The varieties of engagement explored in "Time for Change" include actress Ellen Page's visit to a sustainable farm Sting also appears on camera to recount his experience with hallucinogenic plants grown in the Amazonian rain forest. Pinchbeck believes that the counterculture's drug experiments may finally pave the way for some long-term dividends. He says, "In the '60s, the culture freaked out because it was as if drugs broke open this container and all this material from the unconscious came rushing in, but people didn't have the elders or wisdom to integrate the material."
Pinchbeck hopes the film helps trigger an enduring shift in awareness. "João's film clarifies issues facing our planet, and I think it will awaken people. Because more people now have gone through their initiatory process, some of this consciousness is now re-entering the culture in a more subtle, mature way."
Yale films educate about environment
Sixteen days before Earth Day, Yale University launches the 2010 Environmental Film Festival.
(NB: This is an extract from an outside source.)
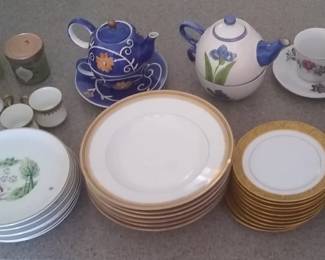 Limoges fine bone china gold gilded.  One chip on one bowl. We also have serving trays.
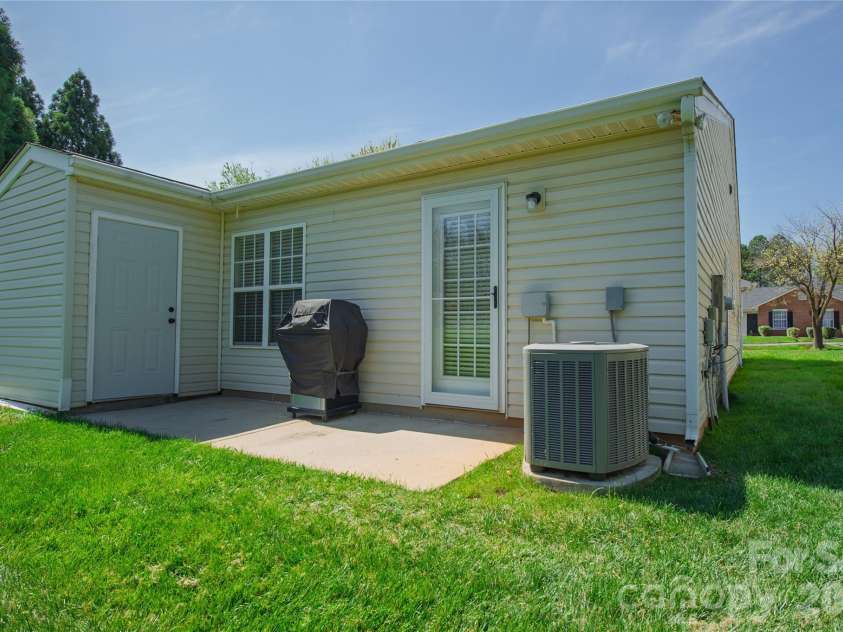 5320 Harris Cove Drive, Charlotte, NC 28269.  MLS# CAR4355819, YatesRealty ID 23017. Rear patio and storage closet.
Beginning Tuesday, the festival will showcase eight features and 12 short films.
Topics include penguins, gas drilling in the Catskill Mountains, over-reliance on soybeans, bear hunting, Dumpster diving and arsenic-laced water.
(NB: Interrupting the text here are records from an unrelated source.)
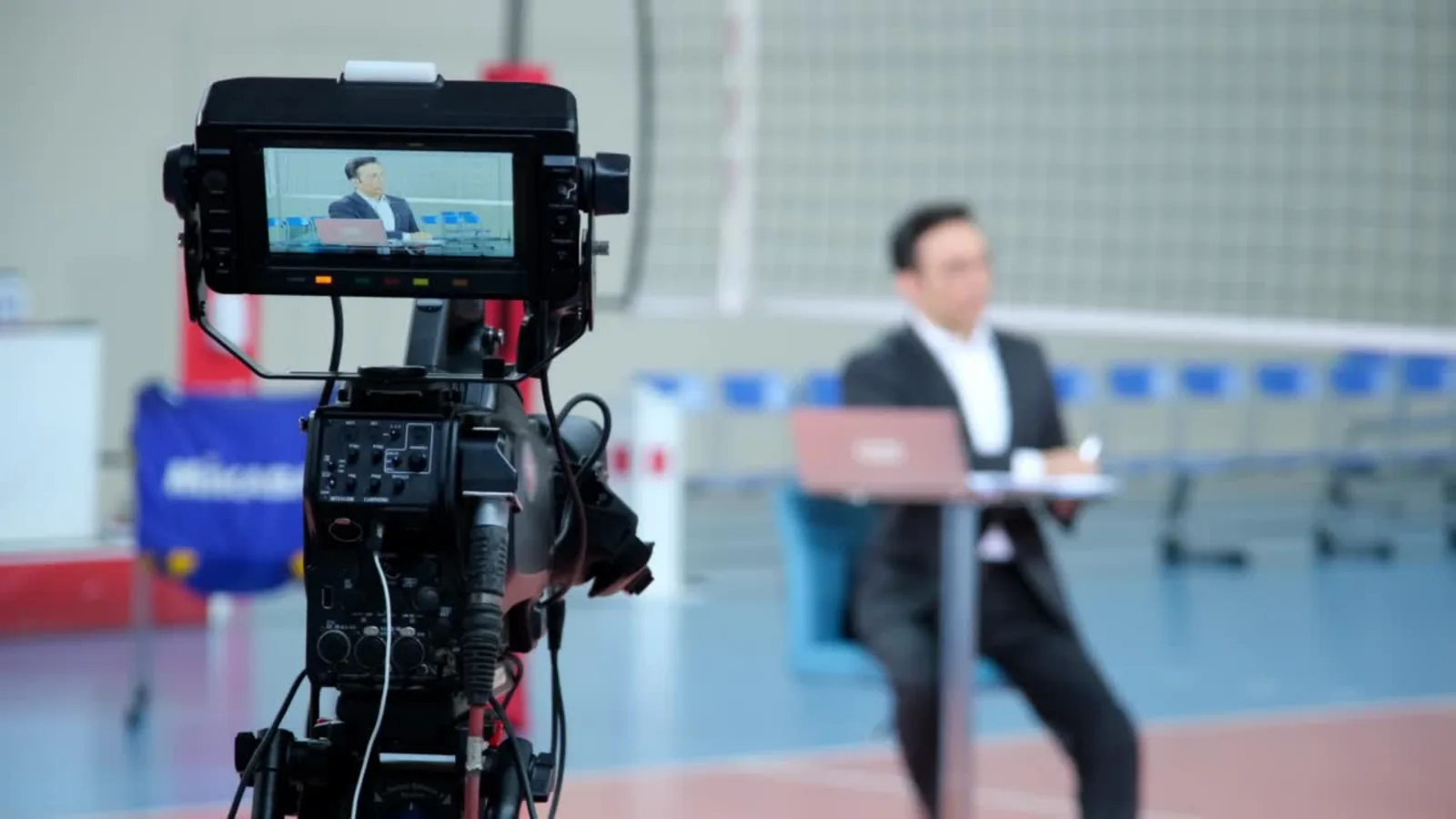 Caméra de plateau TV en tournage : sur l’écran de contrôle, un présentateur assis à une table avec un ordinateur portable, dans un hall de sport aménagé en studio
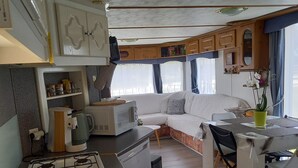 A compact RV interior with a kitchenette, a dining area, and a seating space. - Chalet en Ferme Équestre au Plus Proche des Chevaux (Yèvres)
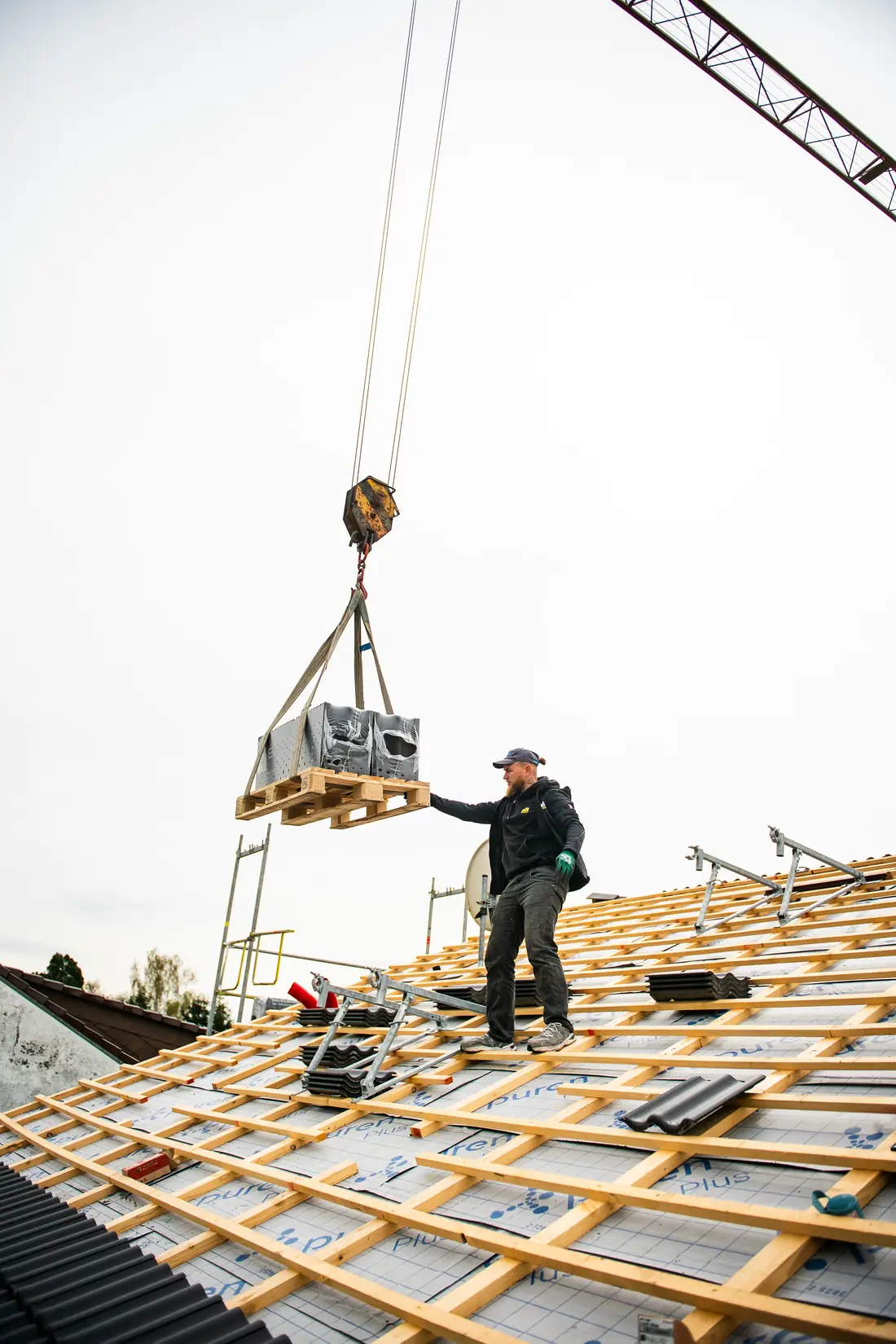 Dachdecker von TRI IMMO nimmt auf einer neu gelatteten Dachfläche Material vom Kran an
The opening night entry, "Houston We Have a Problem," critiques Texas' oil industry.
Festival Director Eric Desatnik says, "Our mission is to capitalize on the power of film to educate the public about critical environmental issues, to encourage environmental stewardship, and to incite change."
Indie film distributor's advice: Keep it simple
"I am not a very good prognosticator, but I am a very good adapter," says Mark Urman. That has served Urman well. A longtime indie film player, Urman co-founded THINKFilm, where he produced Oscar-winning documentary "Born Into Brothels" and three other nominees. He left in 2008. Urman now runs distributor Paladin.
Staying afloat in a volatile market, Urman likes to keep it simple: "I don't own a corporate jet. I don't own a corporate bicycle! And I don't need a 10-year plan. We can be flexible, we can be limber as the business changes, as the films change, as the economic models change."
Surveying the collapse of specialty film companies, Urman says, "The drunken-sailor days of independent films are now fewer and far between. If you have a movie where everybody dies at the end or it's dark, depressing and stylistically innovative, you have no business spending the kind of money that requires you to sell it to everybody."
Paladin has released "Disgrace" John Malkovich, "The Loss of a Teardrop Diamond" with Bryce Dallas Howard and "The Greatest" with Pierce Brosnan. This summer, Paladin will distribute "Great Directors," featuring interviews with Bernardo Bertolucci, Agnès Varda and others. "I can't promise my partners that their film will make a lot of money," Urman says, "but I can promise that it will make a lot of noise and get on the radar. It will exist."